Background: Optimization-based text-to-3D methods distill gradients from pretrained 2D diffusion models via SDS to train NeRF/3DGS, enabling 3D content generation without 3D data.

Limitations of Prior Work: SDS suffers from two well-known failure modes — (1) semantic over-smoothing: object-specific semantic features degrade into blurry, uniform representations (e.g., swans and lake surfaces blending together); (2) multi-view inconsistency: geometry and appearance are incoherent across viewpoints (e.g., the multi-head/Janus problem).

Key Challenge: Through mathematical analysis, the authors identify the underlying cause — the CFG gradient in SDS can be decomposed into a "target term \(m_1\)" (pushing toward the text-conditioned distribution) and a "variance term \(m_2\)" (pushing away from the source distribution). The source distribution is approximated by the unconditional prior \(p(z_t; t, \emptyset)\), which entirely ignores the dynamic evolution of the 3D model during optimization. As a result, \(\hat{z}_{t \to 0}^{\text{source}}\) encodes neither the semantics of the current 3D state nor the existing geometric structure, causing the gradient direction to be inconsistent with the actual 3D state.

Key Insight: SDS is reinterpreted as a dynamic editing process — each step is a progressive edit conditioned on the current 3D state, and the source distribution should co-evolve with the 3D model.

Core Idea: The current rendered image is used as an image condition for the diffusion model, replacing the unconditional prior to estimate the source distribution, thereby achieving state-anchored gradient guidance.

Method

Overall Architecture

The core modification of AnchorDS lies in the SDS gradient computation: the source distribution estimate is replaced from the unconditional noise prediction \(\hat{\epsilon}_\phi(z_t; t, \emptyset)\) to an image-conditioned noise prediction \(\hat{\epsilon}_\phi(z_t; t, \emptyset, I^{(\tau)})\), where \(I^{(\tau)}\) is the rendered image at the current optimization step \(\tau\).

The new guidance gradient is: \(g_t^{(\tau)} = \hat{\epsilon}_\phi(z_t; t, y) - \hat{\epsilon}_\phi(z_t; t, \emptyset, I^{(\tau)})\)

The target term remains unchanged (text-conditioned), while the source term now encodes the structural and semantic information of the current 3D state.

Overall pipeline: render the current 3D model at each step → encode to latent and add noise → query the diffusion model twice (text-conditioned for target prediction, image-conditioned for source prediction) → backpropagate the difference gradient to update 3D parameters.

Key Designs

  1. Dynamic Source Distribution Anchoring (Core):

    • Function: Replace the unconditional prior with an image-conditioned diffusion model to estimate the source distribution.
    • Mechanism: Using IP-Adapter or ControlNet, the current rendered image \(I^{(\tau)}\) is fed as an image condition into the diffusion model.

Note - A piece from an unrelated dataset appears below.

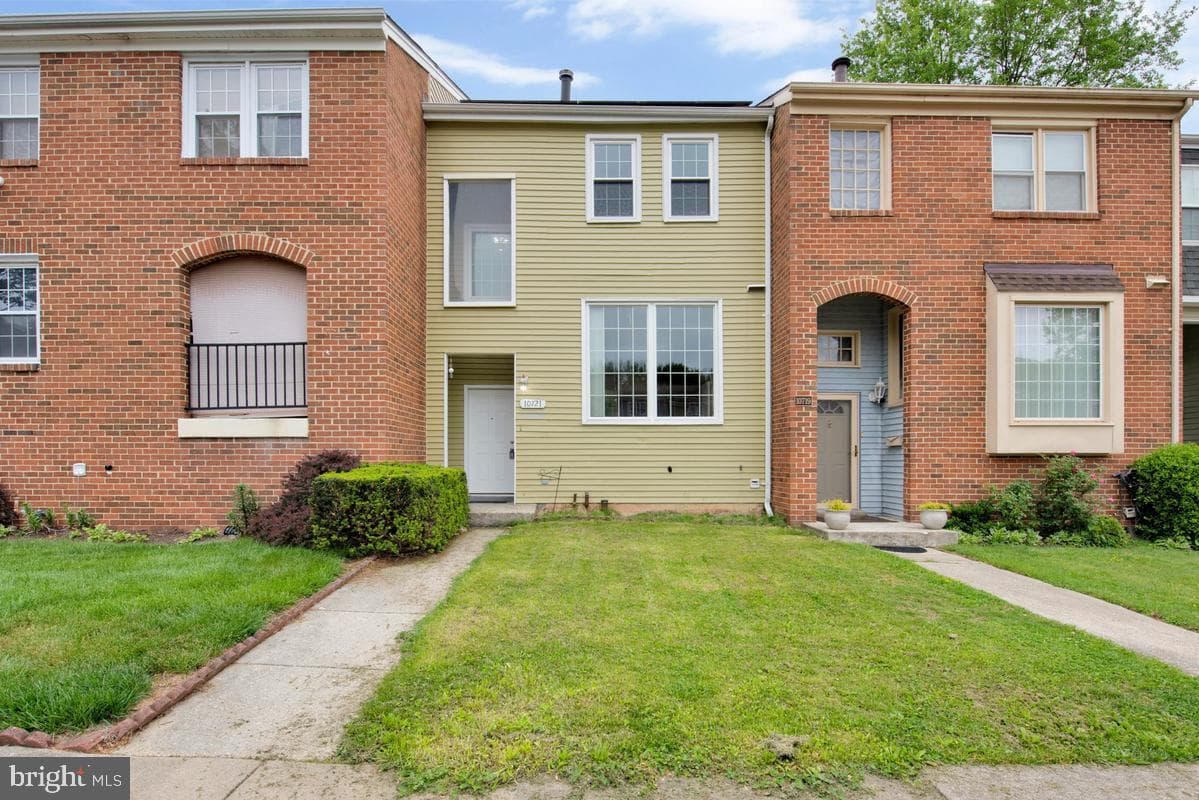 10721 Castleton Turn photo 2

The image condition does not constrain the output content but serves as a contextual anchor that guides generation while preserving the structural information of the current 3D state.
    • Design Motivation: Pretrained image-conditioned diffusion models inherently possess image inversion capability — the model's intrinsic image-to-latent mapping is directly leveraged for accurate source anchoring without additional inversion steps. Only one extra U-Net forward pass is required (parallelizable with the original pass), keeping runtime identical to standard SDS.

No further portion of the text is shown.